The applicable statutory language is clear and unambiguous. It clearly means that gross income from mining includes the income from treatment processes, which must normally be applied to the mineral to obtain "the commercially marketable mineral product or products," that is, to obtain the first product which is commercially marketable. Here, that first product is burnt brick and tile.
See United States v. Cherokee Brick Tile Co., 5 Cir., 218 F.2d 424 and Townsend v. Hitchcock Corporation, 4 Cir., 232 F.2d 444, 446. Cf. Dragon Cement Co., Inc., v. United States, D.C.S.D.Me., 144 F. Supp. 188.

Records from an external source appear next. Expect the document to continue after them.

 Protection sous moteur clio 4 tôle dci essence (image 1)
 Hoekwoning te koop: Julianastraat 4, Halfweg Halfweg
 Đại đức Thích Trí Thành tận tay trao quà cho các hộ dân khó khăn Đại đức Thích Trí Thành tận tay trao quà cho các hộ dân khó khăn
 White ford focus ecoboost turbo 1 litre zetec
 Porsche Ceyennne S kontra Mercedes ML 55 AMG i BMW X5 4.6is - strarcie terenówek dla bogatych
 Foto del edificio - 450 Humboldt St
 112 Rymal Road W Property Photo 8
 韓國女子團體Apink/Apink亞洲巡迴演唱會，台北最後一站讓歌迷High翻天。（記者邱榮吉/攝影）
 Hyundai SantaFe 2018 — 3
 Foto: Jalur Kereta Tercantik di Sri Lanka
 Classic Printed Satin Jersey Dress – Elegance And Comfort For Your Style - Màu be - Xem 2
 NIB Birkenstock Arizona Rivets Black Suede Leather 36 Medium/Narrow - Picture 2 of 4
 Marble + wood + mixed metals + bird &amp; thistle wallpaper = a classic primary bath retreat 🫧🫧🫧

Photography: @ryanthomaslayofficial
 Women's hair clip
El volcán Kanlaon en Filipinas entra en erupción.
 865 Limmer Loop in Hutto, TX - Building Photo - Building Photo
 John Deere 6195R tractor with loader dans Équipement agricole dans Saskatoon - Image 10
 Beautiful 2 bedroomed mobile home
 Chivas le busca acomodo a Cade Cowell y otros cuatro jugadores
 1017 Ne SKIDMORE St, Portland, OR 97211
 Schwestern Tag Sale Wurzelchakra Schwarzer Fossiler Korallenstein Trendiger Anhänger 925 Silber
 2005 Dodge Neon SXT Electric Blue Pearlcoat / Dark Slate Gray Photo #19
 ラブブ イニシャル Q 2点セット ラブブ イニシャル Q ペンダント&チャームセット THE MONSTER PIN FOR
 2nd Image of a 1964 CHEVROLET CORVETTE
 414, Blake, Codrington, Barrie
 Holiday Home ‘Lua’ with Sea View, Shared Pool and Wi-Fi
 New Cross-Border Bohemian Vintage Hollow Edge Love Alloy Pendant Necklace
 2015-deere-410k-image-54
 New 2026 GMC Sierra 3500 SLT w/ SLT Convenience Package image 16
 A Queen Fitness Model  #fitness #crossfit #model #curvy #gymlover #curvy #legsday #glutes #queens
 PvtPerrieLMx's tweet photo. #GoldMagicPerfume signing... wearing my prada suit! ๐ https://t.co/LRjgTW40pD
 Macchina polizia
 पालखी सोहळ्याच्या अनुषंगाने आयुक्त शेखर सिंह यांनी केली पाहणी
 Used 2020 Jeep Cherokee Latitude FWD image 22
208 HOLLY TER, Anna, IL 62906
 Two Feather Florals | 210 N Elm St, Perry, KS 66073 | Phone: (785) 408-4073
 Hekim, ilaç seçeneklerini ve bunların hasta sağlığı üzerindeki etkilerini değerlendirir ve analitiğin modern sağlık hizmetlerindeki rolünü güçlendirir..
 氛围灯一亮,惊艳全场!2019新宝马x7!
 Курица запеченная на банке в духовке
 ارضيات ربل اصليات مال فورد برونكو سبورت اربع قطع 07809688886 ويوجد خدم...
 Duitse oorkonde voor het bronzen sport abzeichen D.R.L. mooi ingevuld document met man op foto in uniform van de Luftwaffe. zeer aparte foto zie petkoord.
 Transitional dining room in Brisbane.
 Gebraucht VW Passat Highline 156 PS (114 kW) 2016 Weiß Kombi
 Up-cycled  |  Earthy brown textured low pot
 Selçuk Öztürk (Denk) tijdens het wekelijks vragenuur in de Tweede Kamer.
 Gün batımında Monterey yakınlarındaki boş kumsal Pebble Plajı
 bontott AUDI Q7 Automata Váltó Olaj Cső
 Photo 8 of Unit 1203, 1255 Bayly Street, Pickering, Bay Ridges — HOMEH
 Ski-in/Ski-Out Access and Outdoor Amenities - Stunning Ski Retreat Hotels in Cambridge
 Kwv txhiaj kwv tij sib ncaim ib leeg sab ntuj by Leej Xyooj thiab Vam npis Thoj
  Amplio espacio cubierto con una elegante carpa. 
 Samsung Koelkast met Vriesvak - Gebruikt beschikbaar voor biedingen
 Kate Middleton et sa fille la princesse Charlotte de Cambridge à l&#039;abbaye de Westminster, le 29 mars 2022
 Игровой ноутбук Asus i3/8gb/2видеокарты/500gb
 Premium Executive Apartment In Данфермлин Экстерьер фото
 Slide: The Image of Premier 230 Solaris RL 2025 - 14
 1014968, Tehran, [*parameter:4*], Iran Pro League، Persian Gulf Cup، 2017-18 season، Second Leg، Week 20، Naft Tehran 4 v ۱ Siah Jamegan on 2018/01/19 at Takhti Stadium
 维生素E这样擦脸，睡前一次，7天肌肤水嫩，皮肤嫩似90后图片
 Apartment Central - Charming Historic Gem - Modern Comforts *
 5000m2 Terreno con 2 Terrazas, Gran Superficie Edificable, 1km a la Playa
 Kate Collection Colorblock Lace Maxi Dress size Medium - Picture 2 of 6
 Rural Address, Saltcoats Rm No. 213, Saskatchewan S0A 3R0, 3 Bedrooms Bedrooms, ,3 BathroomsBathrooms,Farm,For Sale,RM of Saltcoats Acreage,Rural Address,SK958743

The phrase "and ores" in that portion of § 114(b), supra, dealing with specific processes, does not embrace clay. Ore is a material containing valuable metallic constituents which are extractable therefrom. Brick and tile clay, such as is involved in the instant case, contains no valuable metallic constituent which can be extracted therefrom.
Accordingly, the judgment is affirmed.